The landscaping work will begin as soon as weather permits and is expected to be complete sometime in June — just in time “for the summer tourist season,” the city’s chief administrative officer Shawn Boven told the Herald.

Shawn Boven, Chief Administrative Officer for the City of Merritt.

Shawn Boven, Chief Administrative Officer for the City of Merritt.

“It’ll be a good enhancement down there,” Boven said.

Despite having a budget of nearly $1 million, the city has stayed well under budget with the awarding a tender for landscaping work.
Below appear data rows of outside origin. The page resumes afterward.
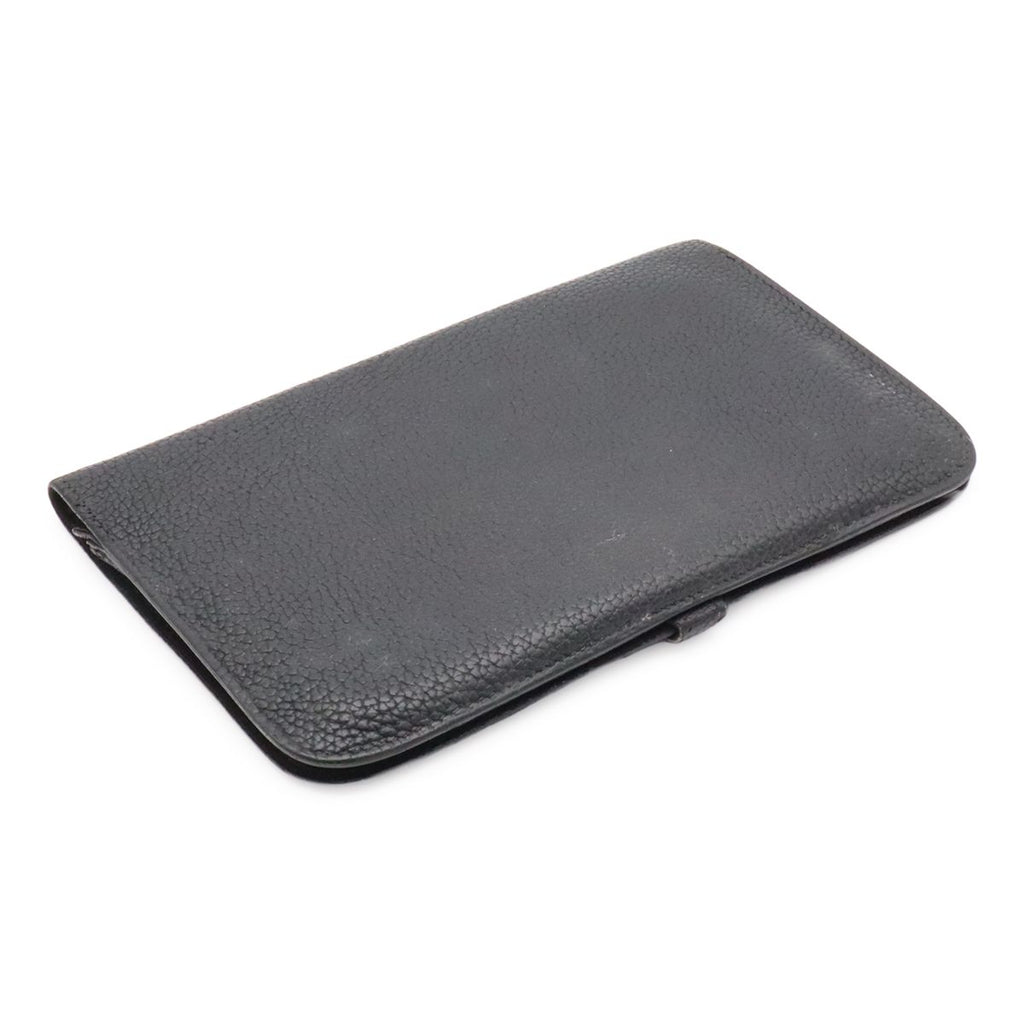 Hermes Dogon Duo GM Wallet fold Togo Leather Black Gold Coin Case — view 2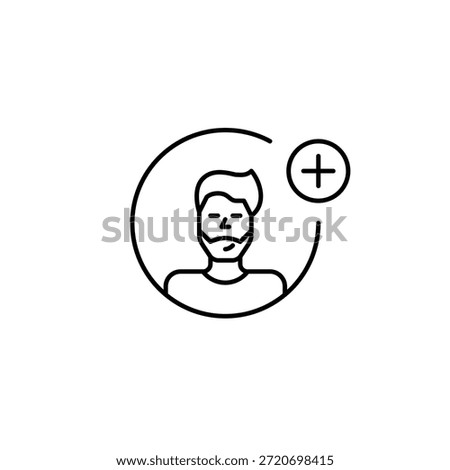 Bearded man user avatar and plus. Profile add, account update. New identity create, user setup, digital presence. Pixel perfect, editable stroke vector icon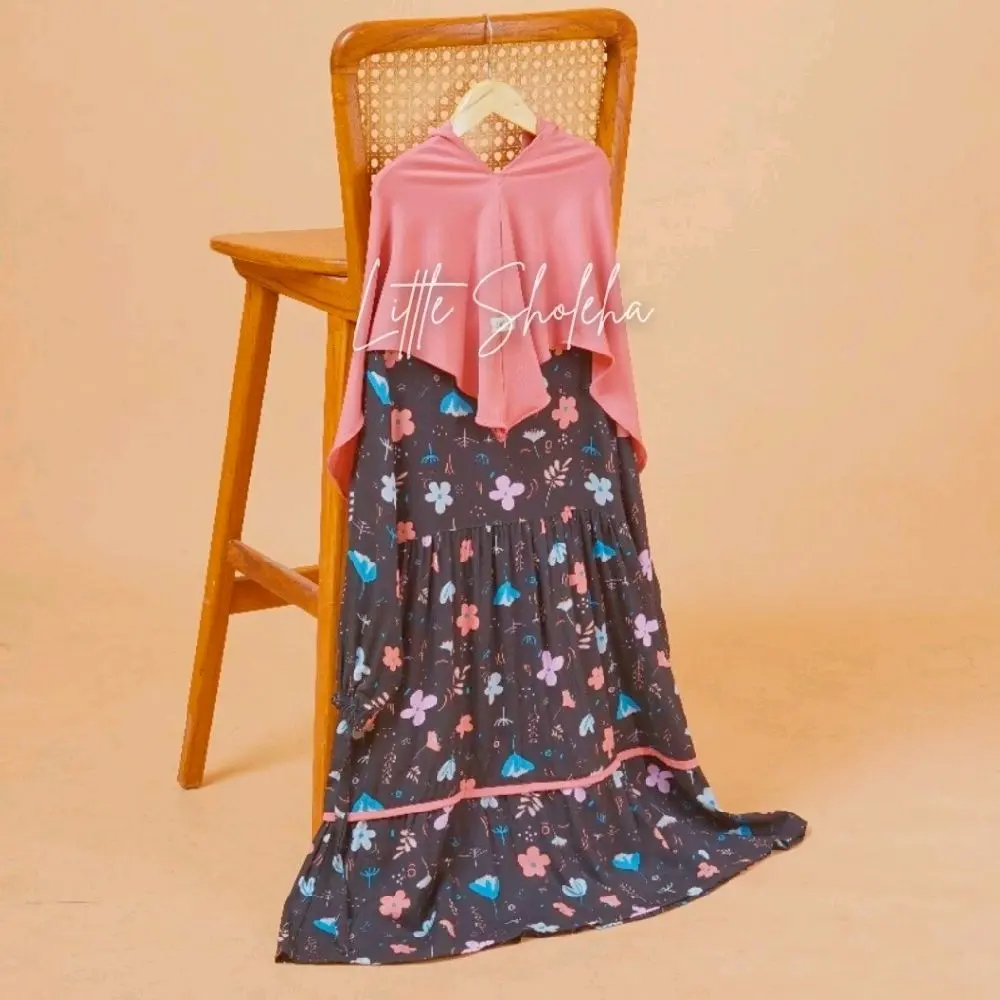 Set Gamis dan Jilbab Zahwa Muslim untuk Anak - Dress, Viscose, Wanita, Rayon, Setelan, Baju, Syari, Nyaman, Katun Motif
At its last meeting (Jan. 24), city council unanimously approved awarding the tender to Sierra Landscaping for $170,276 — which, when all is said and done should mean the city will spend about $115,000 less than the $980,000 budgeted for the project.

The City of Merritt was able to carry forward even more savings on the project due to the fact that part of the work included redoing the waterlines underneath Nicola Avenue — which meant that funds were able to be diverted from a different city fund reserved for capital water projects.

The money left over from this project is expected to be put towards adding turn lanes on Voght Street where it intersects with Nicola Avenue.

Director of Finance, Sheila Thiessen said the cost of the project is covered through provincial gas tax funds the city receives annually — and not general taxation of residents.

The city received five bids for this contract, and Sierra Landscaping’s was the cheapest.

The six medians along Nicola Avenue were rebuilt by the provincial government when it repaved the road and conducted waterline work last fall to the tune of about $624,000.

“Of that more than half of it is related to redoing the waterlines underneath  the road, so that’s being picked up as part of the water capital projects for 2016,” said Thiessen. Now all that remains is filling the structures with plants and adding in an irrigation system.

Boven told the Herald that blue oat grass, Swedish columnar aspen trees, stella d’oro daylilly and October daphne stonecrop will be amongst the vegetation planted in the medians.

He also said the Class A biosolids soil amendment product the city produces at its biosolids composting facility may be used “down the road” to help the plants grow.